Wednesday, 26 November 2008

Tree'd by XML

The standard python distribution comes with a plethora of XML support modules: the usual SAX and DOM parsers, a lightweight minidom, wrappers for the Expat parser and something called ElementTree. While Expat seems to get a lot of attention, I recently tried the ElementTree way of doing things and was very pleasanlty surprised.

ElementTree treats XML documents as a hierarchy of containers, which behave in much the same way as lists or dictionaries. Every node in an XML document is represented as an Element, with elements as sub-elements of their parent.

So, for example, let's declare a root with some sub-nodes:

book = Element('Book')
title = SubElement(book, 'Name')
SubElement(book, 'Title')

To turn this into a valid XML document, just use the tostring(book) function, or write it to a file with the ElementTree().write() method.

Want to add text to an element/node? Just use title.text = 'Bookishness'. To add attributes, again simplicity: title.attrib['binding'] = 'hardback'. Accessing attributes is a case of: book.get('binding').
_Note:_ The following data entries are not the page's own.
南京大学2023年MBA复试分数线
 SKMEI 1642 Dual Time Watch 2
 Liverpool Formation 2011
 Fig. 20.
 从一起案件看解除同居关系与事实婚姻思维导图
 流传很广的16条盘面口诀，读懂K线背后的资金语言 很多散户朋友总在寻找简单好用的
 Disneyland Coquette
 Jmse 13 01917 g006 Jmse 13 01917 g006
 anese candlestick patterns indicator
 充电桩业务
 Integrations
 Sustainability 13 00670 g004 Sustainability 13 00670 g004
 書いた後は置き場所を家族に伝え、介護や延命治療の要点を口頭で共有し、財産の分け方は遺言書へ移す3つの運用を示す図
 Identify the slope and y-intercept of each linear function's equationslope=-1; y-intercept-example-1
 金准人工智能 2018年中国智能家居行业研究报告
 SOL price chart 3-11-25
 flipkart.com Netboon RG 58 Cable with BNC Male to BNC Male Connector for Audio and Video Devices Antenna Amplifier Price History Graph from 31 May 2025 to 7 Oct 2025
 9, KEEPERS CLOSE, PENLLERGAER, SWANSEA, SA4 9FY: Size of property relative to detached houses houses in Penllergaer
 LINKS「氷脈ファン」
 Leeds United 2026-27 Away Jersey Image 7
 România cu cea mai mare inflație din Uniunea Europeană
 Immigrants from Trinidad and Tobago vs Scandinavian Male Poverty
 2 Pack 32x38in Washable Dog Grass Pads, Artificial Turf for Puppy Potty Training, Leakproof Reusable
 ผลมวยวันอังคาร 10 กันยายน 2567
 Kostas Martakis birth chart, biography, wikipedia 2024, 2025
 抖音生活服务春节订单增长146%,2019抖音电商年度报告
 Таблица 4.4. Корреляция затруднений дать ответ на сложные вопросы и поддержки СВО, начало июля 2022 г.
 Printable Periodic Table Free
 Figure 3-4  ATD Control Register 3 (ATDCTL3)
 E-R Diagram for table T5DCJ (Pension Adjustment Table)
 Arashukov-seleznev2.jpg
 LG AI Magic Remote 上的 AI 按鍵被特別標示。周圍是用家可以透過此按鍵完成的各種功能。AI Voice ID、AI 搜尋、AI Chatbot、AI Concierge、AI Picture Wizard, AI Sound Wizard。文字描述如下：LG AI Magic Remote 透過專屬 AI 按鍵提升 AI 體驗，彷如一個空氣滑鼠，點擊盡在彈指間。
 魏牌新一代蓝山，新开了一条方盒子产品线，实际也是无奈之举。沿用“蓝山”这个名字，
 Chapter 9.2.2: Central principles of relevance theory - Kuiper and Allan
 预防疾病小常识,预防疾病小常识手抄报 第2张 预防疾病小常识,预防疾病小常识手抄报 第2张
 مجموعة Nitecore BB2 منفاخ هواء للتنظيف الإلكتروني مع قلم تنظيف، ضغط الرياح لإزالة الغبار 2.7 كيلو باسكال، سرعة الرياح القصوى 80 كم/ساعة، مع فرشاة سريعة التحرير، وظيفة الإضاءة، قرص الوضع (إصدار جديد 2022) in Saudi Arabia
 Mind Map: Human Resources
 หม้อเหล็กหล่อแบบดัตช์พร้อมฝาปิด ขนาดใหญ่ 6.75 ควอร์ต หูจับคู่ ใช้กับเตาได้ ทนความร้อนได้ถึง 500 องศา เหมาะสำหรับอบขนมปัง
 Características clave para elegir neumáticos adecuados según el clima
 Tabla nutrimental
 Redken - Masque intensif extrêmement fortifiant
Now, to get all pythonic on ElementTree, here's how to create a (sub)node, add attributes and text all in one line:

SubElement(book, 'Author', sex='Female', nationality='British').text = 'JK Rowling'

More concise than a Harry Potter doorstop.

Tuesday, 25 November 2008

Dictionary in love

Merging two dictionaries. It should be easy and it is. Just use the update() method of one of the dictionaries:

d1 = { 'a': 1, 'b': 2}
d2 = {'b': 2, 'c': 3}
d1.update(d2)

d1 is now {'a': 1, 'c': 3, 'b': 2}

But often I don't want to transform one of dictionaries, I want to create a third from the combination of the two. I could make a deep copy of one of the dictionaries and update that (badness), or go through the items and merge (more badness).

And here is where dict() comes to the rescue once again:

d3 = dict(d1, **d2)

That's it; merged -- and it's pretty damn fast too.

Hey man, nice shot .. aka filter

Filter is another of those incredibly handy built-in python functions. It takes a function and a list, and filters the elements of the list using the function:

filter(f, a)

So say we want to filter out all those pesky Nones from a list where Nones have no right to be: [1, None, 2, 3, None, 4]. We could go down the iterate through the list, creating a new list from all the non-null elements ... but that requires multiple lines of tedium.

Instead we employ the power of filter() and -- wait for it -- a lambda function!

filter(lambda x: x != None, [1, None, 2, 3, None, 4])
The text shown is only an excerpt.